Prior to 2022, Seattle was the only franchise Wagner ever knew. He'd joined the Seahawks as a second-round pick in 2012 and became an All-Pro linebacker by his third season, launching a career that saw him earn annual Pro Bowl bids from 2014-2021. In that span, he garnered six All-Pro selections and even finished fifth in MVP voting in 2014.
He'll meet Seattle -- a team that released him in the offseason a few months shy of his 32nd birthday -- on Sunday.
"It's just another game," Wagner told reporters Wednesday. "It's just the game coming up played in our stadium against a team that's pretty good."
Wagner's departure for the Rams was supposed to be a triumphant next step for a Hall of Fame-caliber linebacker that was discarded by his team. Seattle knew it was time to turn over the roster toward a younger future, but Wagner's decision to sign with the Rams -- a division rival of the Seahawks and defending Super Bowl champions -- was at least a little personal.
Unfortunately for Wagner, his 2022 tale hasn't gone as planned. Instead of making another run at a Super Bowl, the Rams have been decimated by injuries and a lack of depth, falling from title contenders to last place in the NFC West at 3-8.
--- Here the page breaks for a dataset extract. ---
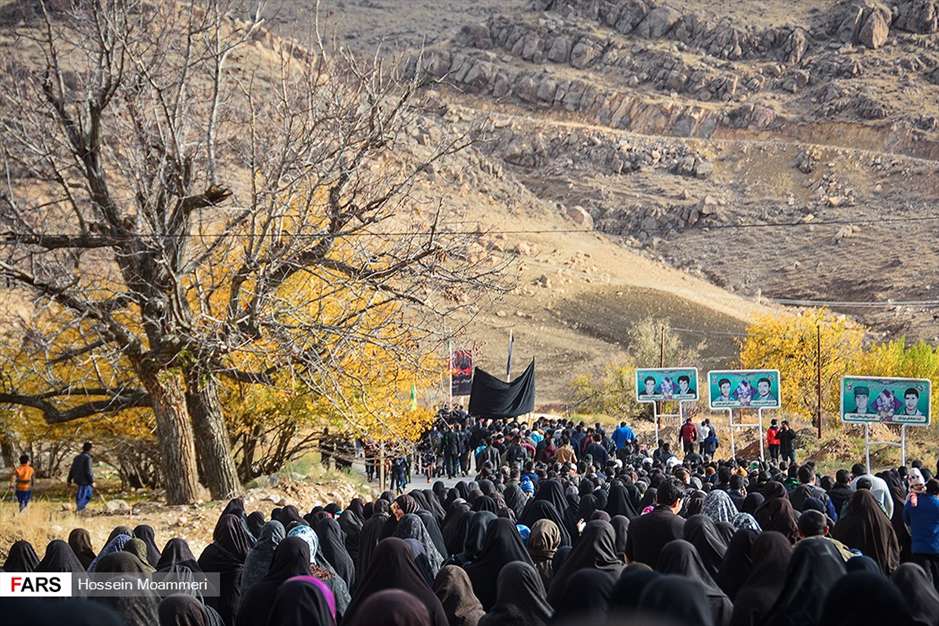 کاروان پیاده زائران مشهد مقدس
There's little reason to believe things will turn around for the Rams in 2022, which is headed toward a repeat of how 2021 finished for Wagner and the Seahawks. But Sunday's game offers intrigue because of Wagner, one of the remaining star players who is healthy enough to play and the lone Ram who might have some extra motivation entering Week 13, even if he claims he's moved on.
Wagner has done an excellent job of downplaying the emotional element of Sunday's game. It isn't difficult for him, he said, because Seattle trained him to operate accordingly.
"It's pretty easy because like being a part of that organization that's kind of the method," Wagner said. "You never really make a game too big or too little. You never make like a Monday night game or Tuesday night game bigger or the opponent bigger because then it makes you inconsistent because you'll get up for one game but then you won't get up for the next game. So I'm personally just treating this game like it's a normal game."
Seattle has said nothing but good things about Wagner, taking the high road by showering him with praise and gratitude.
"We miss everything about him," Seahawks coach Pete Carroll said. "There's no replacing him. He was a unique, one-of-a-kind guy."
That one-of-a-kind guy will hope to lead his downtrodden team to an upset win over his former employer -- even if it's nothing more than another game to him.